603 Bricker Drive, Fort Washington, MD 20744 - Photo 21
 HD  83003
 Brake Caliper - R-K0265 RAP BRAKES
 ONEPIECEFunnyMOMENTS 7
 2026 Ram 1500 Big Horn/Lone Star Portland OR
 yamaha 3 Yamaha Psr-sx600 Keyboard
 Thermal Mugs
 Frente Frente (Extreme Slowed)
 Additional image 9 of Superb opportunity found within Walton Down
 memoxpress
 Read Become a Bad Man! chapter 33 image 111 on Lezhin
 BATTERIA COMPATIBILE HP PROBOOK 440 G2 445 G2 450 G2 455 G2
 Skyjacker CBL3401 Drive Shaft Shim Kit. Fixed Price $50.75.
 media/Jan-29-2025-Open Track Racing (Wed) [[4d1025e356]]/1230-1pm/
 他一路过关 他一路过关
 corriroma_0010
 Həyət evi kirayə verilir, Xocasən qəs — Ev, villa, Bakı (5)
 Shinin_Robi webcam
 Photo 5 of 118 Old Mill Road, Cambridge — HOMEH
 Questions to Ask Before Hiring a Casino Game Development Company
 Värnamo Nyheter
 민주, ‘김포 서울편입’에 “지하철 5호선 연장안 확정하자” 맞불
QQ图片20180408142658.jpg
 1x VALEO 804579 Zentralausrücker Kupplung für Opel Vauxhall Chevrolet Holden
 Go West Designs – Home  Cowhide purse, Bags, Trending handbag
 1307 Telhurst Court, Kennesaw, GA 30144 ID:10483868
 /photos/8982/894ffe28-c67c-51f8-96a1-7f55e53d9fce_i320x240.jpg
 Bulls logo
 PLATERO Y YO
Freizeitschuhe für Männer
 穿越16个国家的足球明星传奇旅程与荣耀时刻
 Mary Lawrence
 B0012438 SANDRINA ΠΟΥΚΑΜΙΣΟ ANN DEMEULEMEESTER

▶ **Exercise requirements**
Could you set down, exactly as written, the lines above between the one holding "Read Become a" and the one holding "PLATERO Y YO", inclusive, and nothing more?

▶ **Written response**
 Read Become a Bad Man! chapter 33 image 111 on Lezhin
 BATTERIA COMPATIBILE HP PROBOOK 440 G2 445 G2 450 G2 455 G2
 Skyjacker CBL3401 Drive Shaft Shim Kit. Fixed Price $50.75.
 media/Jan-29-2025-Open Track Racing (Wed) [[4d1025e356]]/1230-1pm/
 他一路过关 他一路过关
 corriroma_0010
 Həyət evi kirayə verilir, Xocasən qəs — Ev, villa, Bakı (5)
 Shinin_Robi webcam
 Photo 5 of 118 Old Mill Road, Cambridge — HOMEH
 Questions to Ask Before Hiring a Casino Game Development Company
 Värnamo Nyheter
 민주, ‘김포 서울편입’에 “지하철 5호선 연장안 확정하자” 맞불
QQ图片20180408142658.jpg
 1x VALEO 804579 Zentralausrücker Kupplung für Opel Vauxhall Chevrolet Holden
 Go West Designs – Home  Cowhide purse, Bags, Trending handbag
 1307 Telhurst Court, Kennesaw, GA 30144 ID:10483868
 /photos/8982/894ffe28-c67c-51f8-96a1-7f55e53d9fce_i320x240.jpg
 Bulls logo
 PLATERO Y YO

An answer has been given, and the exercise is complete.